West Coast orca 'Class of 2015' a sign of hope for endangered species
Killer whale population faces many obstacles to recovery, but 2015's 'baby boom' calves doing well
One year after a "baby boom" of endangered southern resident orca whales on the West Coast gave conservationists and whale watchers hope for the population's future, most of the "Class of 2015" calves are doing great.
The southern resident killer whale population lives in three different pods in the Salish Sea off the south coast of B.C. and the north coast of Washington state. By December 2014, their dwindling population was down to 77.
'Boom, we have a baby! A New Year's baby'
Then came J-50 — a female calf first spotted on Dec. 30, 2015 , in Puget Sound, Wash. "Boom, we have a baby! A New Year's baby!" says Michael Harris of the Pacific Whale Watch Association (PWWA), which represents 36 whale watching and ecotourism businesses.
"The way this whale was born was extraordinary," Harris says, referring to the fact that researchers believe J-50 was "midwifed" by members of its mother's pod.
"We know that because immediately we saw rake marks from teeth on J-50," he said, "and orcas don't have surgical gloves."
Then there was a baby boom.
Within one year, there were 10 known births in the population.
While two have since died, the other eight are thriving, and that's "remarkable" for a species that only has a 50 per cent survival rate within its first year of life, Harris says.
The PWWA calls them "the Class of 2015."
The 1st of the new whales is a real crowd pleaser.
The first baby continues to be the most energetic of the bunch, Harris says.
"We hate to put these human value sets on wild animals, but holy smokes," he said. "J-50 came into this world and would just not stop breaching, would just not stop leaping into the air and belly flopping all over the place.
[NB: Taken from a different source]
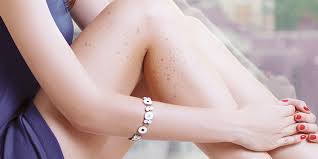 Supplement probiotics by adding to your daily diet foods such as yogurt, kefir, sauerkraut, dark chocolate, and miso soup. How To Remove Black Spots On Legs Feet And Ankles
And we all looked and said, 'Gosh, we're not supposed to to this, but isn't that a happy orca?'"
The calves and their mothers are thriving.
The calves should be weaning from their mothers right about now, but they won't stray far, says Harris. Orcas often remain in the same pod as their moms their whole lives.
But orcas are still in trouble.
It's important to remember the population — which now sits at 82 — isn't out of trouble yet, especially if the region's salmon population continues to decline.
"We've got fish issues, we've got tough times ahead, but for now we are just wrapping our big arms around these baby orcas and trying to fill ourselves with some hope," Harris said. "Firefighters don't rush to a building that's already burned down. We want people to understand that there is hope. This population can recover."